Below are some records: retype them all exactly, but not the pictures.

- **Task material**
┌──

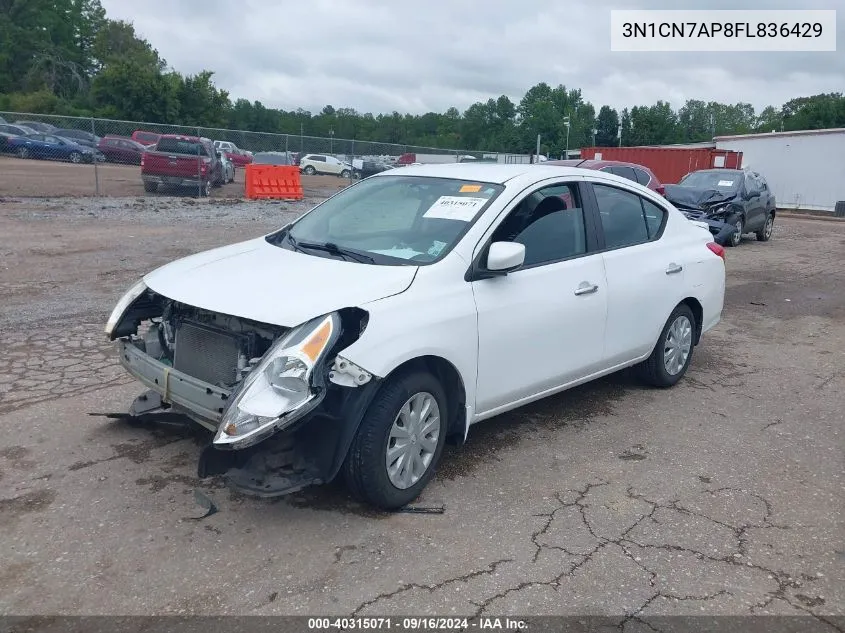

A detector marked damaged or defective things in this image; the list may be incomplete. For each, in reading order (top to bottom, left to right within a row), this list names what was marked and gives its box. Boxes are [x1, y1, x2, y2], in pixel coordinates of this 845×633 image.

broken headlight assembly [104, 276, 148, 336]
front-end collision damage [107, 284, 380, 496]
broken headlight assembly [213, 312, 342, 450]
damaged white sedan [105, 163, 724, 508]
cracked pavement [1, 199, 844, 628]
black damaged car [664, 168, 776, 247]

└──

- **Response area**
A detector marked damaged or defective things in this image; the list may be incomplete. For each, in reading order (top to bottom, left to right within a row), this list names what was marked and gives its box. Boxes are [x1, y1, x2, y2], in pixel coordinates of this 845×633 image.

broken headlight assembly [104, 276, 148, 336]
front-end collision damage [107, 284, 380, 496]
broken headlight assembly [213, 312, 342, 450]
damaged white sedan [105, 163, 724, 508]
cracked pavement [1, 199, 844, 628]
black damaged car [664, 168, 776, 247]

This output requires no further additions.